Long ago at MIT, my labmates and I were studying a retrovirus that caused early T-cell leukemia in mice. Lots of retroviruses cause cancer by putting a gene responsible for normal cell growth into the host cell and then turning the gene on under the wrong conditions. But our retrovirus didn't cause cancer in other cell types, so we wondered why it affected early T cells. I realized that the T-cell development process itself must be an especially sensitive target. The retrovirus nudged the future T cells toward being cancerous, possibly by accident, and then a little push farther down the line would send them over the edge.
That's when I became interested in T-cell development and this question of what controlled the switchover between growth and differentiation.

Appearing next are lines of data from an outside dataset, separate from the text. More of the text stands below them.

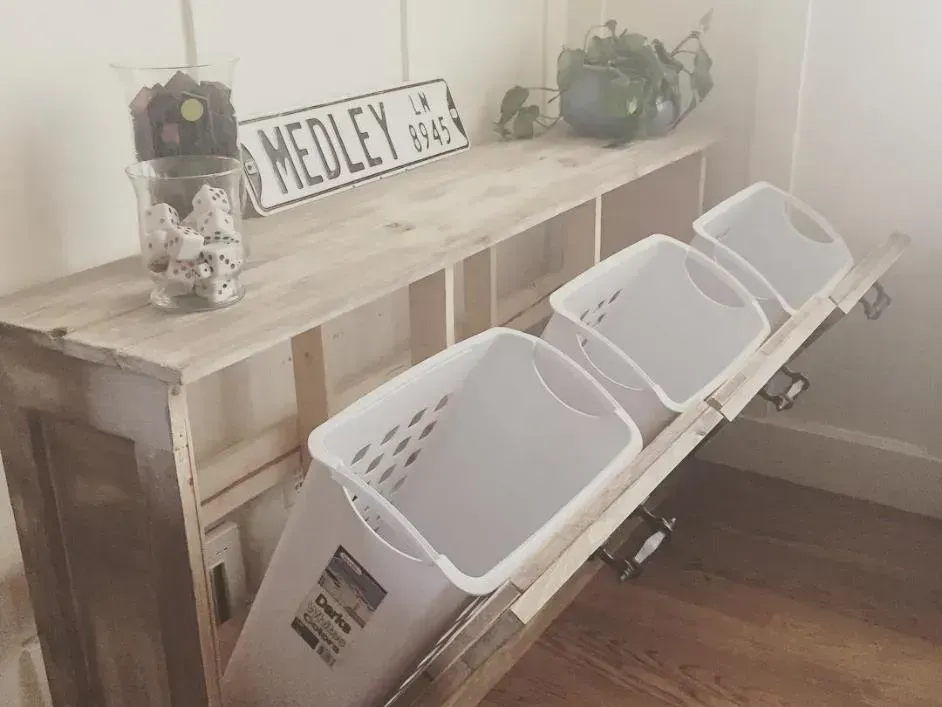 Three laundry baskets are pulled out of a wooden shelf.
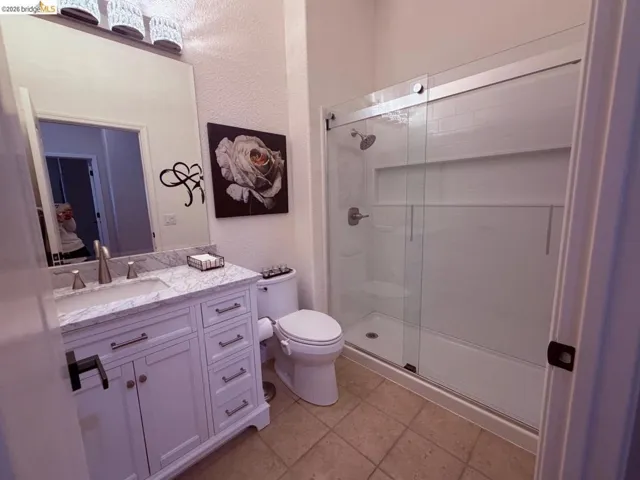 Full bathroom featuring a textured wall, vanity, and a stall shower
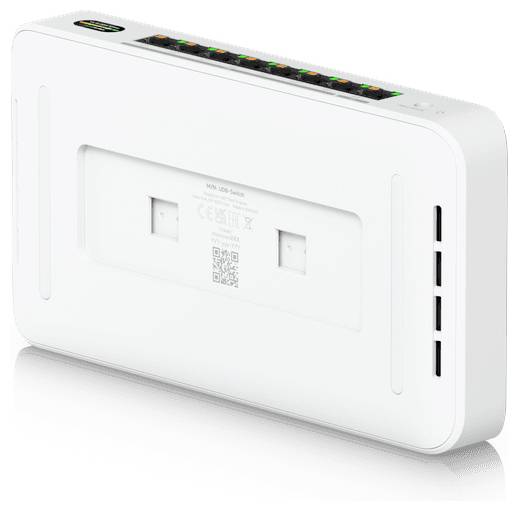 En vit Wi-Fi-router med flera indikeringsljus och portar på toppen, med en elegant, rektangulär design med rundade kanter.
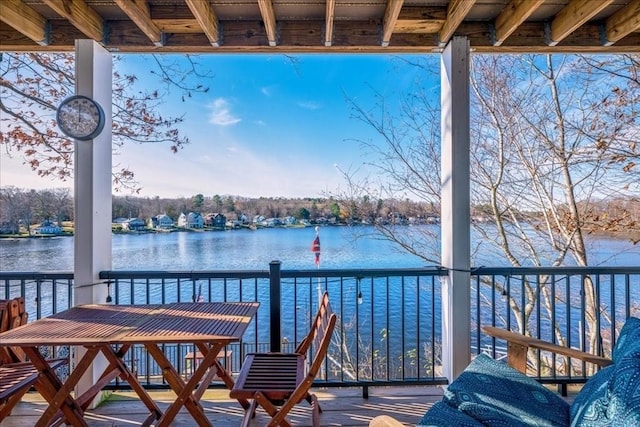 wooden terrace with a water view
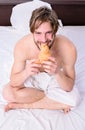 French breakfast stereotype. Man eats croissant he likes bakery products. Fresh bakery product. Man bearded handsome guy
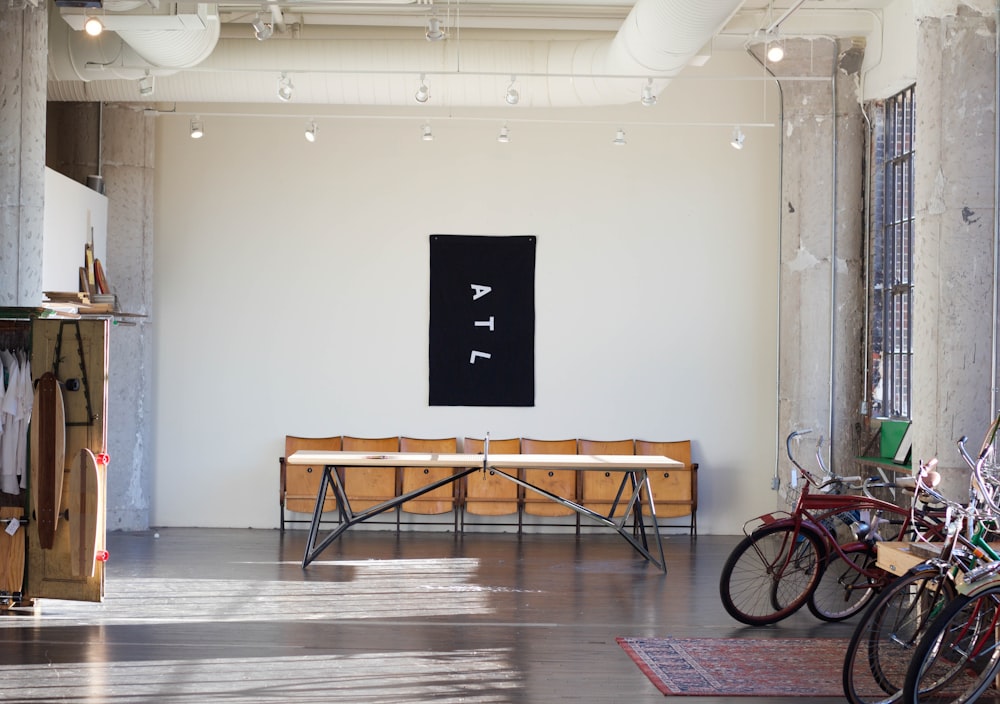 brown wooden table inside the room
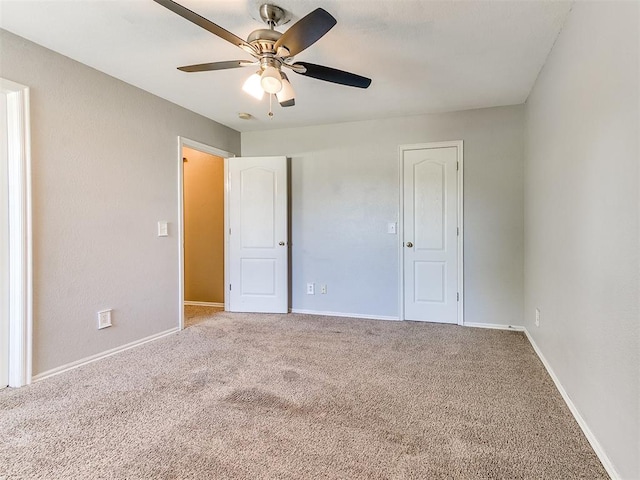 unfurnished bedroom with carpet floors and ceiling fan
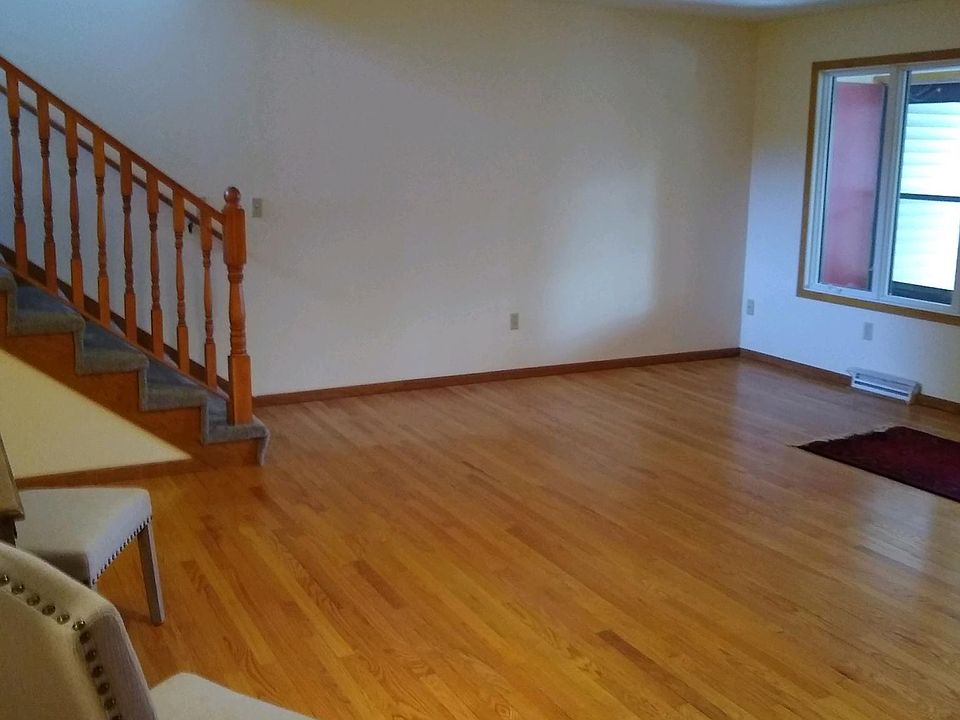 Warm oak hardwood floors in spacious living room.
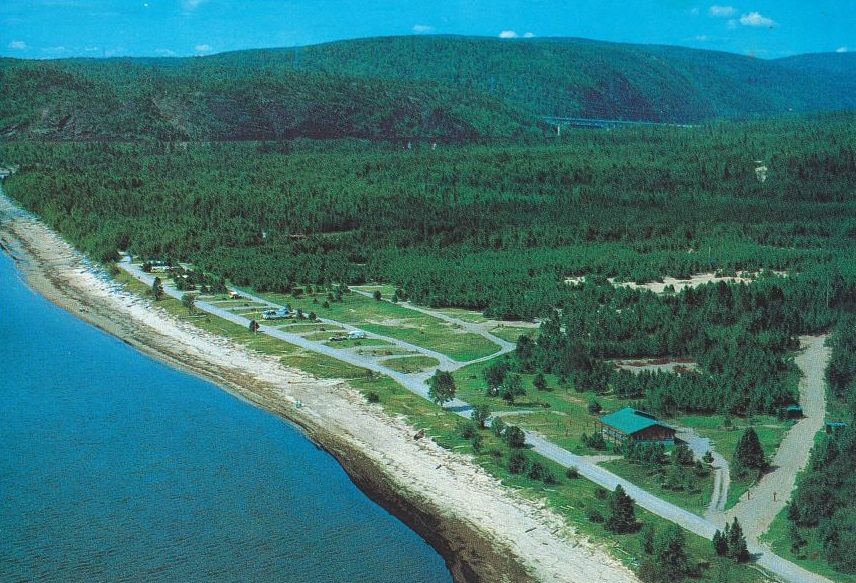 Shoreline with campground very close and forest with hills in the background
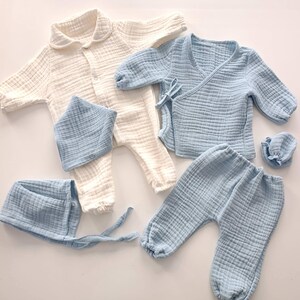 K&ouml;nnte beinhalten: Eine Kollektion von Babykleidung aus weichem, strukturiertem Stoff. Das Set beinhaltet einen cremefarbenen Overall, ein hellblaues Wickeloberteil, eine Hose, ein L&auml;tzchen und eine M&uuml;tze. Die Kleidungsst&uuml;cke sind aus leichtem Material gefertigt.
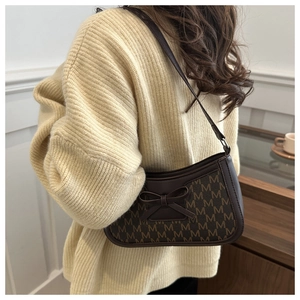 Detail of dark brown underarm bag featuring M-pattern monogram and leather bow knot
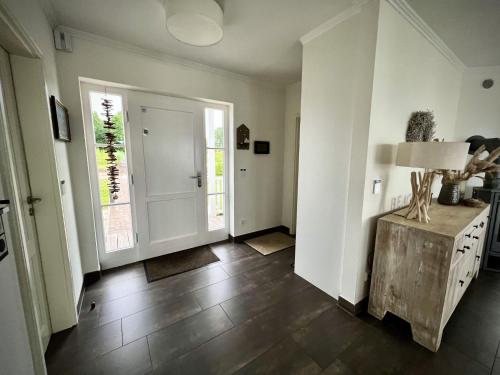 a room with a hallway with a table and windows at Traumferienhaus Sliminde by Seeblick Ferien ORO, direkte Wasserlage E-Säule 6 Pers in Olpenitz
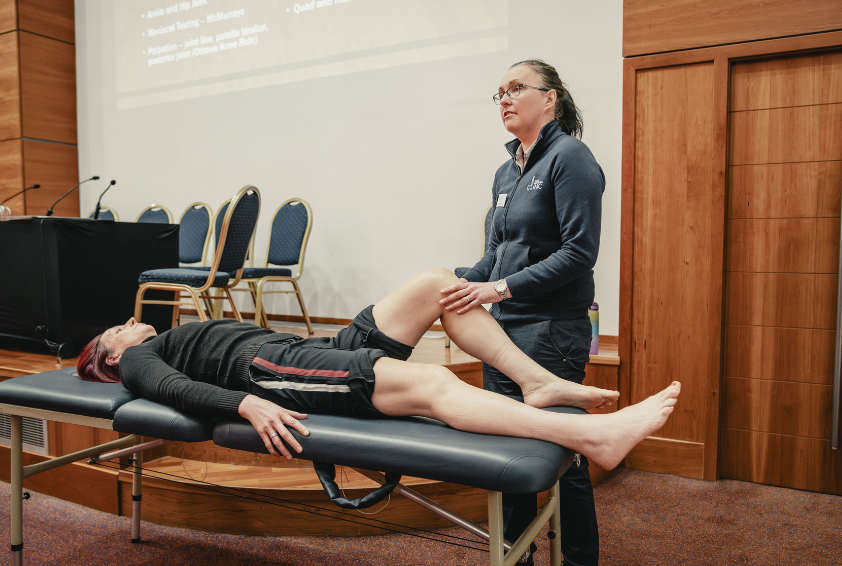 Trainer demonstration of lower limb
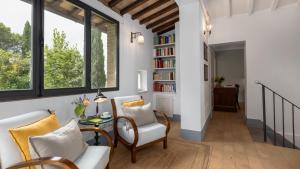a living room with a couch and chairs and a book shelf at Villa Caterina 8, Emma Villas in San Gimignano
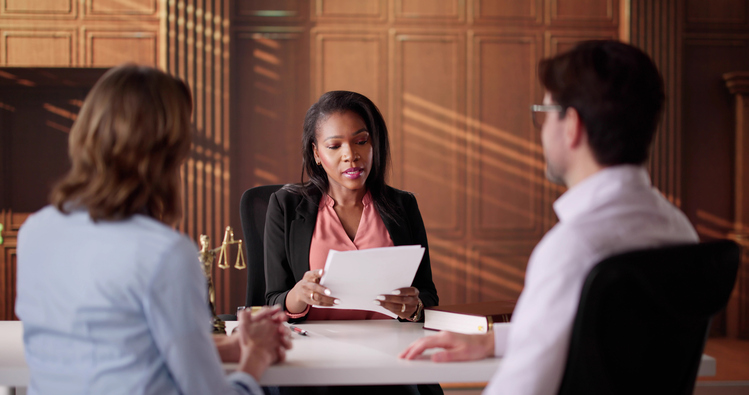 A female lawyer sits at a desk reviewing documents while speaking with a man and woman seated across from her. The setting has warm lighting and a wood-paneled background, with legal books and scales visible on the desk.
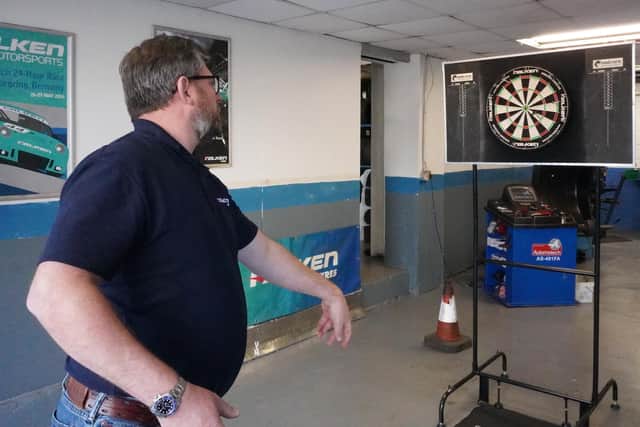 Wade in darts action at local dealership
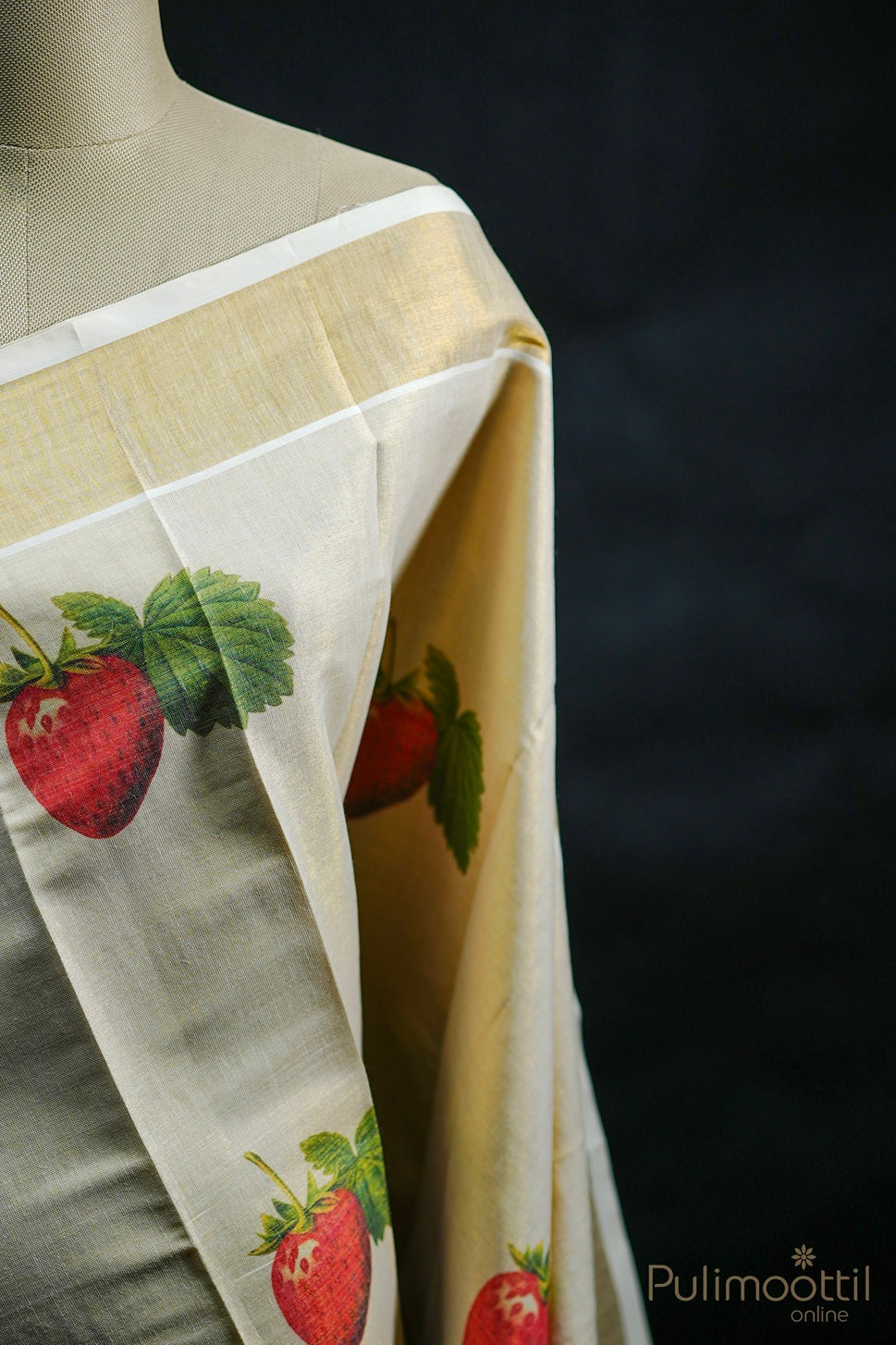 Close-up of blouse piece showing a single red strawberry print with green leaf on plain tissue fabric.
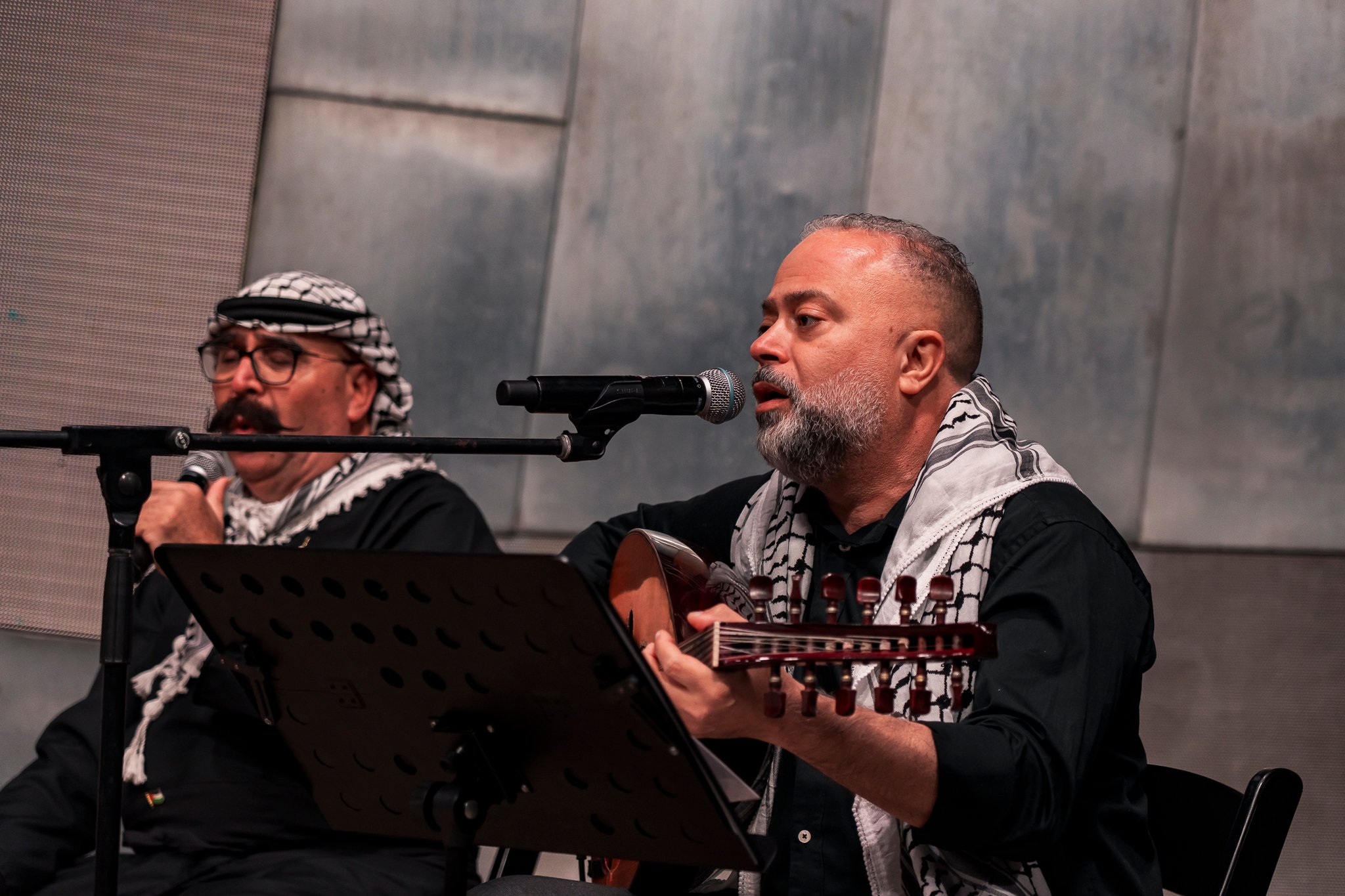 Sydney based theatre troupe Tales of a Homeland performs on stage.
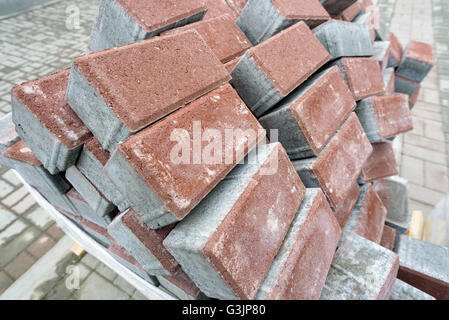 Pile of new clean construction bricks in a haphazard disordered arrangement. Image use for construction building based ideas Stock Photo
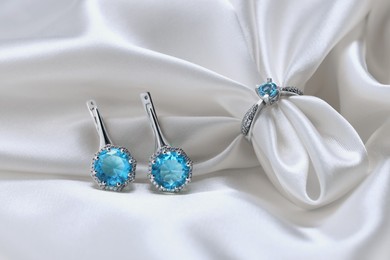Photo of Beautiful ring and earrings with light blue gemstones on white fabric. Luxury jewelry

We've found in the last 10 years or so that there are actually two bursts of proliferation during T-cell development. My lab has focused on the first one, which we now know is the transition between stem-cell-ness and T-cell-ness, when the cell commits to becoming a T cell. And it turns out that if a stem-cell regulatory gene stays on during the process, you get an abnormal persistence of stem-cell-like growth and sometimes leukemia. It's ironic that it's taken me, gosh, 40 years to get back to that, but it has been an incredibly satisfying journey.